Experiencing Latency and Data Loss issue in Azure Portal for Many Data Types - 02/16 - Resolved

Former Employee

Feb 15, 2021

Final Update: Tuesday, 16 February 2021 02:26 UTC

We've confirmed that all systems are back to normal with no customer impact as of 02/16, 02:05 UTC. Our logs show the incident started on 02/16, 00:15 UTC and that during the 1 hour and 50 minutes that it took to resolve the issue customers experienced intermittent data gaps of up to 10% of data and incorrect alert activation.

Root Cause: The failure was due to a specific instance of the service processing backend that became unhealthy.
Incident Timeline: 1 Hours & 50 minutes - 02/16, 00:15 UTC through 02/16, 02:05 UTC

We understand that customers rely on Application Insights as a critical service and apologize for any impact this incident caused.

-Jeff

Update: Tuesday, 16 February 2021 02:12 UTC

Root cause has been isolated to a specific instance of the service processing backend that became unhealthy which was impacting the ingestion pipeline.
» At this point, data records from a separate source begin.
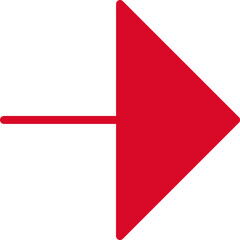 赤くて目立つ、シンプルな右向きの矢印アイコン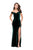 La Femme - 25400 Fold-Over Off Shoulder High Slit Velvet Gown In Blue
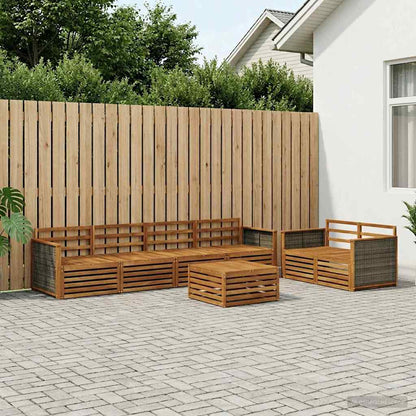Outdoor Sofa Set 7 pcs Natural Solid Acacia Wood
To address this issue we restarted the affected instance and retrieved instance data for analysis.

Work Around: None
Next Update: Before 02/16 04:30 UTC

-Jeff

Initial Update: Tuesday, 16 February 2021 01:40 UTC

We are aware of issues within Application Insights and are actively investigating. Some customers in Switzerland West may experience intermittent data gaps of up to 10% of data and incorrect alert activation starting at 2021-02-15 00:15 UTC.